Terracotta Army Exhibit Opens at Cincinnati Art Museum under Increased Security

Action follows a bizarre incident in Philadelphia, where a visitor to a museum exhibit broke off a warrior's thumb

click to enlarge China Daily writer Zhang Ruinan at Cincinnati's Terracotta Army exhibit - Photo: Provided
Photo: Provided
China Daily writer Zhang Ruinan at Cincinnati's Terracotta Army exhibit

One of the guests at Thursday's media/members preview of Cincinnati Art Museum's Terracotta Army: Legacy of the First Emperor of China exhibit — which opens to the public today and is up through Aug. 12 — was China Daily reporter Zhang Ruinan, who is from Beijing but based out of New York.

She was here because the newspaper has just published her story about the exhibit. It turns out China is concerned because, at an exhibit of such warriors at Philadelphia's Franklin Institute in December, a man broke a finger off of one the priceless life-size statues to take as a souvenir. As a result, China requested increased security here, and the art museum has complied.

[More: Photos of Terracotta Army at the Cincinnati Art Museum]

In the article, CAM director Cameron Kitchin says, "We have worked closely with Chinese cultural officials to assure the security of these artifacts. We also as an art museum have a very high standard for security and respect for objects on loan to the museum."

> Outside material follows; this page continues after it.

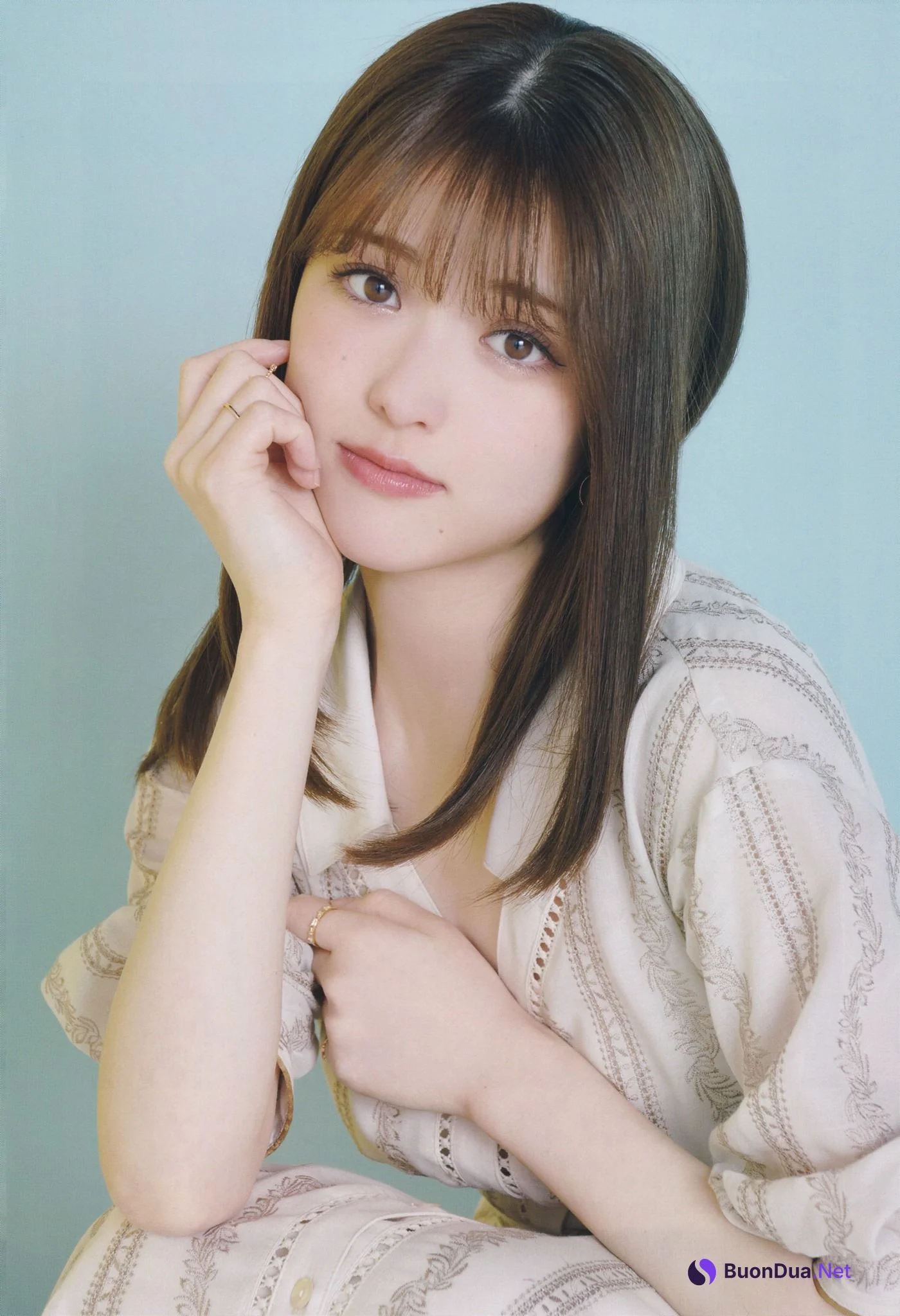 Erika Ikuta 生田絵梨花, Sayuri Matsumura 松村沙友理, BIG ONE GIRLS 2021.05 - รูปภาพ 5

Qi Gaoquan, deputy director of the Bureau of Cultural Relics of China's Shaanxi province, traveled here for an inspection before the exhibition opens and told the newspaper, "After what happened in Philadelphia, the Cincinnati Art Museum and our staff have reached an agreement to take active actions in improving our security protocol and procedures to ensure the safety of our artifacts. All the actions we took this time are based on the lessons we drew from the incident that happened in Philadelphia. We've taken the strictest security measures to ensure a similar incident will never happen again."

The art museum says the thumb that was taken was returned when the FBI arrested the man in Philadelphia and the warrior will be repaired. But it is not one of the warriors at the art museum here — this exhibition is substantially different.